I tried to use boolean comparison: compare if in each row autos[‘name’].str[1] is in autos[‘brand’] series.
I have no idea how I can process those strings with this method further.

I can’t use “If” statements: they are not allowed

I tried to use str.replace with regex: but I didn’t learn about it, so I don’t know how to use it .

No idea how to solve it

The problem here is that your boolean comparison is between a string and a Series, so it’ll always be False.

But what do you mean if statements are not allowed?

The way I see it you’ll need to check if the brand_maybe variable is among all the brands.
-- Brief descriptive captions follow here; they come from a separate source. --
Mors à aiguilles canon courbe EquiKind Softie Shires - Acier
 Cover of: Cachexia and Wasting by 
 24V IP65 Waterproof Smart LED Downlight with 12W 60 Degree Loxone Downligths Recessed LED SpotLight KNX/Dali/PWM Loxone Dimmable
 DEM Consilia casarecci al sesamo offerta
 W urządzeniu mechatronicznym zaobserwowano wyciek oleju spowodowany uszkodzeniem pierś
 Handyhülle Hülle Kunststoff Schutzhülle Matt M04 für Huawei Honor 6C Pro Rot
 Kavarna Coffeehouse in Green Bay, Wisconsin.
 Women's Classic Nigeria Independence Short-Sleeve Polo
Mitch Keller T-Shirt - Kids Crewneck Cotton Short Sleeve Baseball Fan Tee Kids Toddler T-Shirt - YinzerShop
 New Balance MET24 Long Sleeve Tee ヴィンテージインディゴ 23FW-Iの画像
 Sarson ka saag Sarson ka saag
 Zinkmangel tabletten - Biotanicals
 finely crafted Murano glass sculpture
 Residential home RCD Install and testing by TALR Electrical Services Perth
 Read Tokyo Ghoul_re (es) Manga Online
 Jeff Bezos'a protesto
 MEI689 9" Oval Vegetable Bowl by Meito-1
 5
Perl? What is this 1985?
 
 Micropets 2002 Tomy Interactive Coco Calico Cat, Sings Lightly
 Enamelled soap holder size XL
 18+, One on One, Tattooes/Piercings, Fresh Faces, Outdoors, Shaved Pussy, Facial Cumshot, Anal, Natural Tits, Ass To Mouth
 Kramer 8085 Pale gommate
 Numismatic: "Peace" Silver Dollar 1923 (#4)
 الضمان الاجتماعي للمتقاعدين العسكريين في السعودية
Or you can filter the DataFrame by the brand column to match all rows where the brand is equal to brand_maybe, if the length of the resultant DataFrame is greater than 0, then it is a brand.

Hi.
Thank you for the reply.

I tried that, but without a success - somewhere is an error, after few hours I’m still not sure where( I bet it’s in the part: “autos[‘name’] = autos[‘name’].iloc[index_num].str[1:].str.join(sep=’ ')”. My code is:

autos['name'] = autos['name'].str.replace("_", ' ').astype(str)

autos['name'] = autos['name'].str.split() # split string to list
brand_maybe = autos['name'].str[0].str.lower() # looking for brands; lowercase conversion

# autos # test

output for this part ( when autos is activated[the test]):

image1264×987 31.2 KB

below the code I mentioned at the beginning:

# test code below works when all 3 parts are activated
# test shows that our code works till the end of "if" statement
# the boolean comparison gave 32865 instances from a total amount of rows: 48023
# it seems working ok

# index_test= [] # test code 1/3
for c in autos['brand'].value_counts().index:
    for index_num in range(48023): # there is 48023 rows in DataFrame
        if brand_maybe.iloc[index_num] == c:
            autos['name'] = autos['name'].iloc[index_num].str[1:].str.join(sep=' ')
        else:
            continue
#               index_test.append(index_num) # test code 2/3
# print(len(index_test)) # test code 3/3


# test_name = autos['brand'] == brand_maybe # boolean comparison
# print(test_name.head(20)) # test


autos

ps. I’m not sure how your second idea should work. I do not quite understand this part of your reply:

Hi @drill_n_bass,

The issue here is that the first item in the name column (which in your code is str[0]) doesn’t always represent a brand, because some brand names contain 2 words (or sometimes, probably, even more). So this brand_maybe will be never equal to autos['brand'].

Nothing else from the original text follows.